I love visiting other countries and cultures. It challenges my own ways of thinking and shakes up my routines and notions about the world. It makes me a better global citizen. But as much as we gain from our sojourns into other worlds, we leave behind traces of our own societies' values. We show up in our fashionable clothing with our ultra-portable laptops, shiny cameras and North Face gear, and we impart our ideas of progress. But is progress equal to to having more money to acquire more things? Is it the ability to buy a Coca-Cola on every corner? Is progress an ethic that values work more than leisure? The existence of farming conglomerates that grow, distribute and sell produce for lower prices?

Or are we merely teaching, by example, how to live in fruitless pursuit of the material happiness that is marketed to us? Are we, in effect, telling people who are happy and self-sufficient that they're measuring themselves by the wrong standards? That they're actually unhappy and poor and didn't even know it?

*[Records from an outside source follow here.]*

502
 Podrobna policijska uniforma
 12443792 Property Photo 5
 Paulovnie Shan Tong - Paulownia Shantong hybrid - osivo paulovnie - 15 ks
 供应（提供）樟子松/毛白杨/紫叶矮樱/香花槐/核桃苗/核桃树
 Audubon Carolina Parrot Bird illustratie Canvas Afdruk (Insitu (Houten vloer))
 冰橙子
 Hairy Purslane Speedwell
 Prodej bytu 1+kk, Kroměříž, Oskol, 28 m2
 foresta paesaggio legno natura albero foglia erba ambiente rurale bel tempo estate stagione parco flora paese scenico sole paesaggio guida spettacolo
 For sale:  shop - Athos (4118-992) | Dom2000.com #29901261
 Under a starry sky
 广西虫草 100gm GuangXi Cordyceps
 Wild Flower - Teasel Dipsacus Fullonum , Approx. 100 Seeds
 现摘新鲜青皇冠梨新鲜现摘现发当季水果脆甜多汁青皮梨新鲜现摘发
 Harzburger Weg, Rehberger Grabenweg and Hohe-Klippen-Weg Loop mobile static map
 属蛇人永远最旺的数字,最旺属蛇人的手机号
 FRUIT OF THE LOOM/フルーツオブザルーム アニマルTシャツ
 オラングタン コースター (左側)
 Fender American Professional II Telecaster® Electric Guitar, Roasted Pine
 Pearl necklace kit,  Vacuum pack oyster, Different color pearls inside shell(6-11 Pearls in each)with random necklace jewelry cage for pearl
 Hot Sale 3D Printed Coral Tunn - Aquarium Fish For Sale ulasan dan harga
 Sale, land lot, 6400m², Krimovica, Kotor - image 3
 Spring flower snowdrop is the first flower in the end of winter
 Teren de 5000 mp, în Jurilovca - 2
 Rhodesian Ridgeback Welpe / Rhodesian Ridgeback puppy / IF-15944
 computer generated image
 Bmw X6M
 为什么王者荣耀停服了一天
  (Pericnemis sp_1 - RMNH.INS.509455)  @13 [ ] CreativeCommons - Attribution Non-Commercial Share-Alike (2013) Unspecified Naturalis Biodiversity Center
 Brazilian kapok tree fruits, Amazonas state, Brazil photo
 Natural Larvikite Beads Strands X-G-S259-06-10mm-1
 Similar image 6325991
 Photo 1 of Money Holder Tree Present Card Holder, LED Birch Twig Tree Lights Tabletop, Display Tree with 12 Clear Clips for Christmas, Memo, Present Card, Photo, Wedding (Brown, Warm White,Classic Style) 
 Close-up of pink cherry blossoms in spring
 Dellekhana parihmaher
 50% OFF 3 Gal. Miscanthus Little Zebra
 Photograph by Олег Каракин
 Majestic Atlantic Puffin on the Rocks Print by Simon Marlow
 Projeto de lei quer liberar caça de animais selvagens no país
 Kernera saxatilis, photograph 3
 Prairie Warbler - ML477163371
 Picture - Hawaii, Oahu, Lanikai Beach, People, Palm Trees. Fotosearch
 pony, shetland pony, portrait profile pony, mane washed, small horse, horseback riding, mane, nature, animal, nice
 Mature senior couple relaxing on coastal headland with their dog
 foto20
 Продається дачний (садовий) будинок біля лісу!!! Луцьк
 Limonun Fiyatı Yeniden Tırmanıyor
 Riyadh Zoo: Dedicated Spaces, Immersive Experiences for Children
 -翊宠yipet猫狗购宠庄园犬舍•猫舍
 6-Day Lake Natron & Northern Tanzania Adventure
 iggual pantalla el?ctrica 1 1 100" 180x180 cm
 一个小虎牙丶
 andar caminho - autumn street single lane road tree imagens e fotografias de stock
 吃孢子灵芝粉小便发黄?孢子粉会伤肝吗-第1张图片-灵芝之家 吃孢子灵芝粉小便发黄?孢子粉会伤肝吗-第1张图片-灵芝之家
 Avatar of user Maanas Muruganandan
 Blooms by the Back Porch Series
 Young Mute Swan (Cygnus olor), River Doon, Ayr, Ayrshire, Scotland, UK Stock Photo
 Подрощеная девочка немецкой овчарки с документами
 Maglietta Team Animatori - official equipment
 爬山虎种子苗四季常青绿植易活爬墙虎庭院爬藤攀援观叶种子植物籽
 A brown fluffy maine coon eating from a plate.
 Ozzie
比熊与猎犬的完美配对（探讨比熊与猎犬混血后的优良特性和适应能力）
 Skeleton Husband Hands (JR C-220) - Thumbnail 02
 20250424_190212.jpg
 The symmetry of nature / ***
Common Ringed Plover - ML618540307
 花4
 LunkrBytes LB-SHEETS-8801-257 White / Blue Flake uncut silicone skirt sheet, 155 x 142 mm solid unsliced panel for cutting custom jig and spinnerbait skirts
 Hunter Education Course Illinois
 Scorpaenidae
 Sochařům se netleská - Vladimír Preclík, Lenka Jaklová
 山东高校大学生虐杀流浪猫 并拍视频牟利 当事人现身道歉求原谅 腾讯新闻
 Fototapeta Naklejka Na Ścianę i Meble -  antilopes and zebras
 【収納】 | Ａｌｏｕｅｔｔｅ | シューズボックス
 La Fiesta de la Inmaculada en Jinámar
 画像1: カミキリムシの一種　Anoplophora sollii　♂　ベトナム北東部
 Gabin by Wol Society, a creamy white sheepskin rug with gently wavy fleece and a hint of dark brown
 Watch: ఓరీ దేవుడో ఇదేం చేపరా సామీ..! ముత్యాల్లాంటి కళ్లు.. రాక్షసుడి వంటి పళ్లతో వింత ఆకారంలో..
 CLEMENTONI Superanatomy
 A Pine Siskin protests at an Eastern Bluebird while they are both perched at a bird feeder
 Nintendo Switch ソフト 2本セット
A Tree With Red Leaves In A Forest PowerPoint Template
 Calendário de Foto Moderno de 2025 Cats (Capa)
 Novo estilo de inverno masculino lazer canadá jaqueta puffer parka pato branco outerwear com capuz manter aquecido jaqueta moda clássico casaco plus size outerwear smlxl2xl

I don't know the answer. Maybe these changes are uncomfortable only for the one generation that lives to see life clearly on both sides of such progress -- the before and the after. Maybe the dark and the light of human nature -- the greed and the beautiful desire to achieve for achievement's sake -- conspire to make such change inevitable.

I know it's not black and white. But I think that exploring the shades of grey would make all travelers a little more aware of the exchange we take part in with every border we cross. And wouldn't that be progress?